Baca Juga: Akibat Penebangan dan Perburuan, 100 Ribu Orangutan Kalimantan Punah
Baca Juga: Emisi Karbon Tertinggi Ternyata Berasal dari Kebakaran Hutan Salju
Baca Juga: Melebihi Industri Penerbangan, Pupuk Menyumbang 5 Persen Emisi Karbon
Banyak penelitian sebelumnya tentang pemulihan hutan berfokus pada pengukuran pertumbuhan pohon untuk memperkirakan jumlah karbon yang diambilnya dari atmosfer.

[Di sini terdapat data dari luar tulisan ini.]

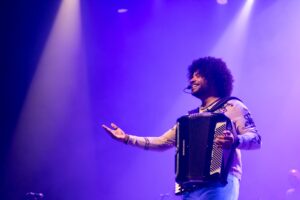 Semana S do Comércio terá shows de graça com Mestrinho e Os Garotin, em Vitória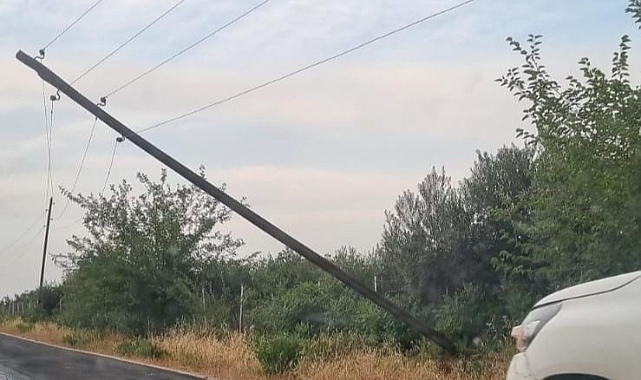 Şiddetli Fırtına Urfa'da Direkleri Devirdi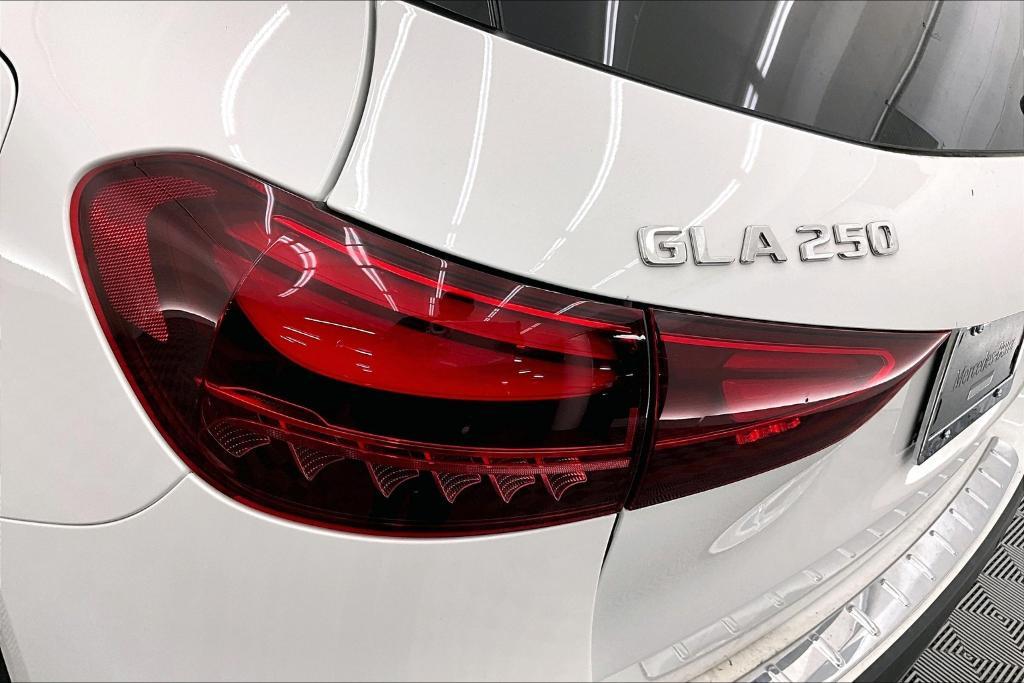 new 2026 Mercedes-Benz GLA 250 car, priced at $44,695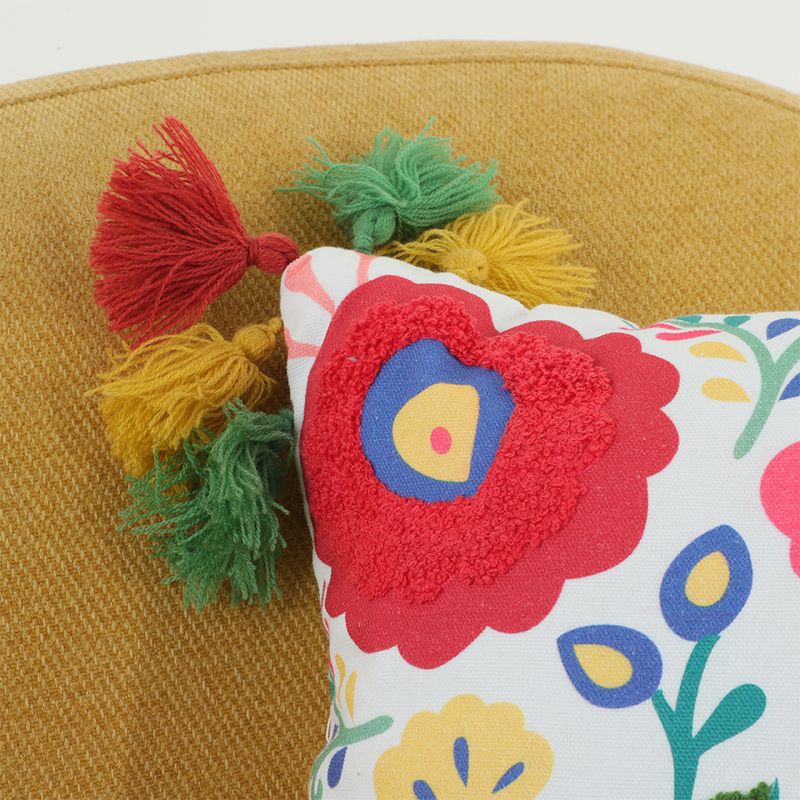 104512679-Cojin-estampado-con-pom-pom-38x38-cm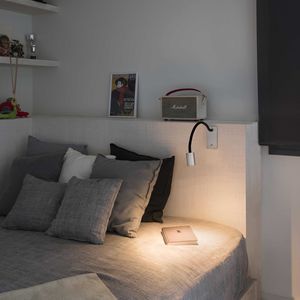 applique murale contemporaine / en aluminium / en PMMA / en silicone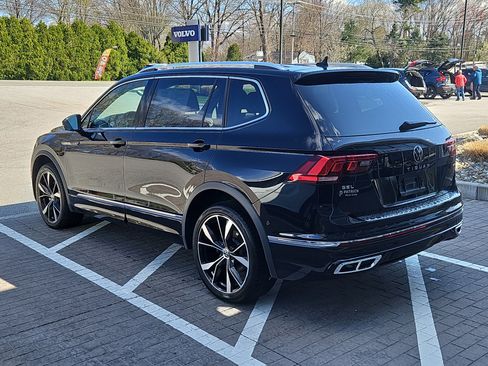Used 2022 Volkswagen Tiguan SEL R-Line AWD/4WD image 29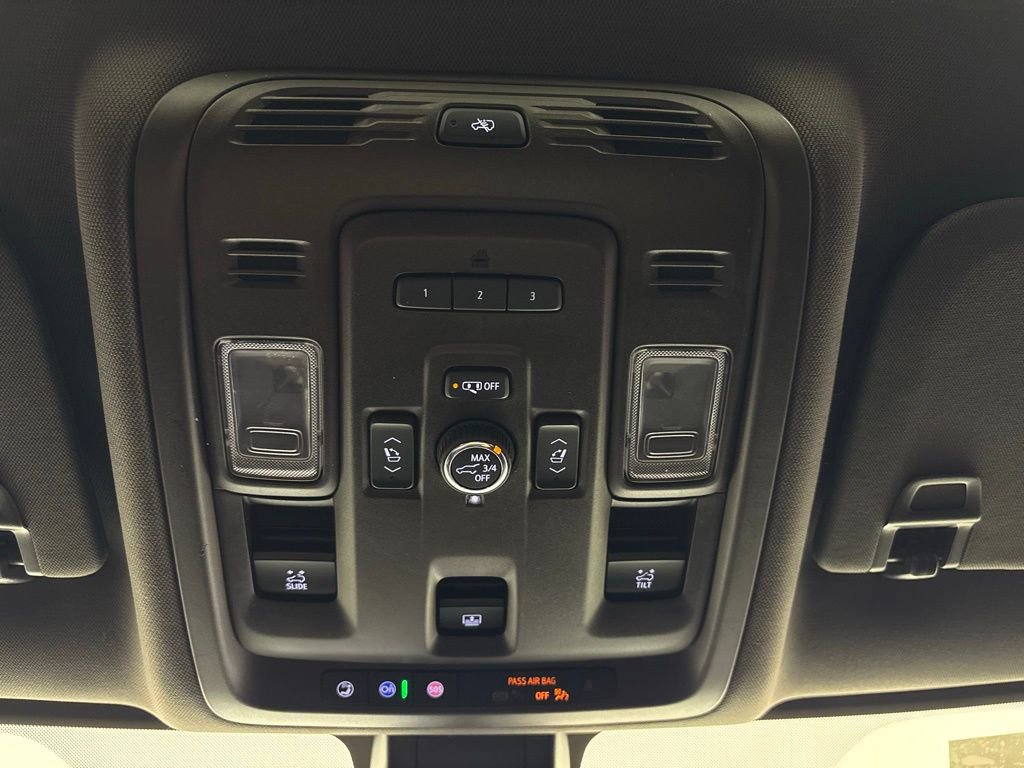 Used 2021 GMC Yukon Denali w/ Denali Premium Package image 33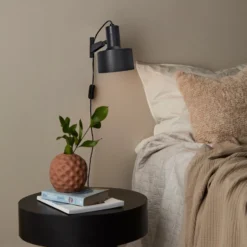 PR Home Solo -seinälamppu pistokkeella, mattamusta
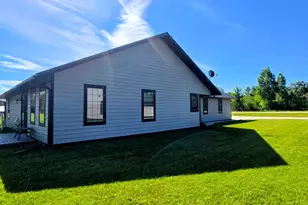 17668 Birch Dr NW, Angle Inlet, MN 56711 - Photo 4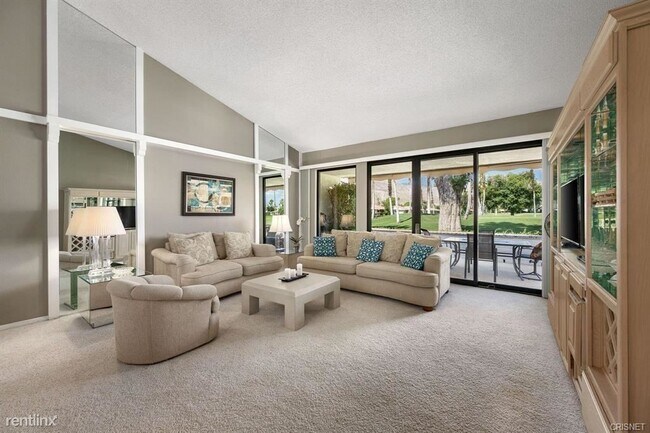 Building Photo - 3 br, 2 bath Condo - 79 Torremolinos Dr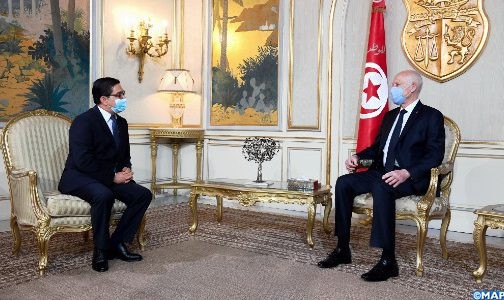 Le ministre des Affaires étrangères, de la Coopération africaine et des Marocains résidant à l'Etranger, M. Nasser Bourita avec le Président tunisien, M. Kaïs Saeïd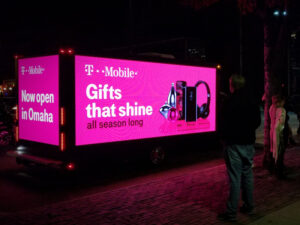 Quảng cáo màn hình LED trên xe tải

Studi baru ini juga mengukur berapa banyak karbon yang berasal dari tanah (tanah dan kayu mati) untuk menghitung anggaran karbon dari aliran karbon yang masuk dan keluar untuk hutan yang ditebang dan yang tidak ditebang atau tumbuh tua.
Sampel hutan yang ditebang dalam penelitian ini telah mengalami penebangan pada berbagai tahap selama beberapa dekade sebelumnya. Pengukuran dilakukan antara tahun 2011 dan 2017.
Untuk mengukur karbon yang dilepaskan dari tanah, para peneliti menggunakan monitor karbon dioksida portabel untuk menguji petak-petak tanah dan potongan kayu mati di beberapa petak setiap bulan selama beberapa tahun.
Tim juga telah mendirikan menara setinggi 52 meter di atas kanopi hutan untuk terus mengukur "fluks" karbon masuk dan keluar hutan untuk melihat apakah itu sumber bersih atau penyerap karbon.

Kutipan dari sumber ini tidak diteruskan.